Starting from an estimated revenue of $3.7 billion worldwide in 2019, crypto exchanges, neobrokers and NFT marketplaces have experienced a boom in the past two pandemic years. Even though the latter saw a meteoric rise in traffic and user count in 2021, they will likely continue to only make up a small fraction of the total revenue generated for crypto trading companies as our chart based on models from our Statista Digital Market Outlook shows.

According to Statista analysts, income for cryptocurrency and NFT platforms, excluding dedicated Decentralized Finance (DeFi), Web3 and B2B platforms, will jump up to an estimated $71.5 billion in 2025. This translates to a projected compound annual growth rate (CAGR) of 21 percent between now and 2025.

While the CAGR for NFT trading revenue alone will be 14 percent higher, it is still estimated to only amount to $6.9 billion or roughly ten percent of all crypto trading platform income by 2025. This difference in value will also likely affect global user penetration, with a projected adoption rate of 4.5 percent for cryptocurrencies and only around one percent for NFTs.

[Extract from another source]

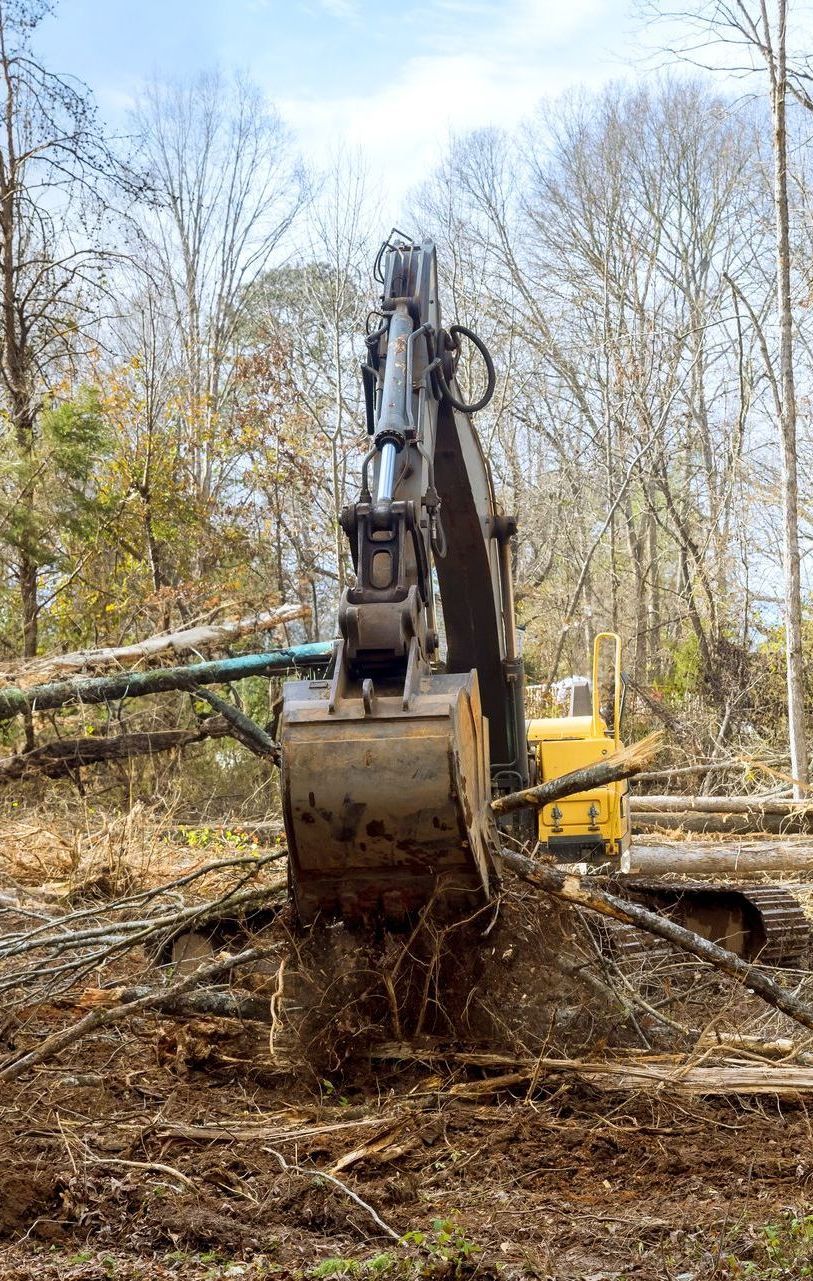 Palmetto Clearing & Demo, York County SC, Rock Hill SC, Fort Mill SC, Clover SC, York SC, McConnells SC, Lake Wylie SC, Tega-Cay SC, Newport SC, Sharon SC, Catawba SC, India Hook SC, Lesslie SC, Chester County SC, Edgemoor SC, Richburg SC, Fort Lawn SC, Lancaster County SC, Indian Land SC, Lancaster SC, Land Clearing Company, Land Clearing Company Near Me, York County Land Clearing Company, Rock Hill Land Clearing Company, Fort Mill Land Clearing Company, Clover Land Clearing Company, York Land Clearing Company, McConnells Land Clearing Company, Lake Wylie Land Clearing Company, Tega-Cay Land Clearing Company, Newport Land Clearing Company, Sharon Land Clearing Company, Catawba Land Clearing Company, India Hook Land Clearing Company, Lesslie Land Clearing Company, Chester County Land Clearing Company, Edgemoor Land Clearing Company, Richburg Land Clearing Company, Fort Lawn Land Clearing Company, Lancaster County Land Clearing Company, India Land Land Clearing Company, Lancaster Land Clearing Company, Residential Land Clearing, Lot Clearing, Lot Preparation, Tree Felling, Tree Removal, Stump Grinding, Stump Removal, Brush Clearing, Brush Cutting, Dirt Work, Land Solutions, Land Management, Excavation Contractor, Residential Excavation Services, Excavation Company, Excavation Company Near Me, York County Excavation Company, Rock Hill Excavation Company, Fort Mill Excavation Company, Clover Excavation Company, York Excavation Company, McConnells Excavation Company, Lake Wylie Excavation Company, Tega-Cay Excavation Company, Newport Excavation Company, Sharon Excavation Company, Catawba Excavation Company, India Hook Excavation Company, Lesslie Excavation Company, Chester County Excavation Company, Edgemoor Excavation Company, Richburg Excavation Company, Fort Lawn Excavation Company, Lancaster County Excavation Company, Indian Land Excavation Company, Lancaster Excavation Company, Light Grading, Residential Grading Contractor, Land Leveling, Demolition Contractor, Demolition Company, Demolition Company Near Me, York County Demolition Company, Rock Hill Demolition Company, Fort Mill Demolition Company, Clover Demolition Company, York Demolition Company, McConnells Demolition Company, Lake Wylie Demolition Company, Tega-Cay Demolition Company, Newport Demolition Company, Sharon Demolition Company, Catawba Demolition Company, India Hook Demolition Company, Lesslie Demolition Company, Chester County Demolition Company, Edgemoor Demolition Company, Richburg Demolition Company, Fort Lawn Demolition Company, Lancaster County Demolition Company, Indian Land Demolition Company, Lancaster Demolition Company, Residential Demolition, Building Removal, Shed Removal, House Demolition, Barn Demolition, Septic Tank Demolition, Walkway Demolition, Driveway Demolition, Concrete Demolition, Trenching Services, Drainage Services, Drainage Contractor, Drainage Company Near Me, Drainage Installation, Yard Drainage, French Drain Installation, French Drain Replacement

This comparatively low percentage might suggest that crypto trading will stay a specialist subject for years to come, but the amount of money shifted on exchanges like Binance and Coinbase or NFT marketplaces like Opensea or Rarible is staggering already. An analysis from financial-services consulting company Optimas suggests that the total revenue of said exchanges surpassed that of traditional stock exchanges like the NYSE and Nasdaq in 2021, with additional reporting by Bloomberg estimating that the biggest crypto exchange platforms generate a revenue of up to $3 million per day for themselves this past year.

As is often the case with high-stakes financial speculation, most of the available cryptocurrency generating said revenue is concentrated among a small percentage of wallets. For example, two percent of all entities likely control 72 percent of all currently minted Bitcoin, as an analysis by Glassnode suggests.

Some of the main revenue streams for exchanges and marketplaces are transaction fees, so-called gas fees, conversion fees applicable when exchanging tokens like Bitcoin or Ethereum for U.S. dollars or other fiat currencies, as well as listing fees payable by the creators of the corresponding tokens, which can range from $2 million to $15 million per token according to fintech development company Soft-X.

This chart shows the estimated worldwide revenue of cryptocurrency/NFT platforms.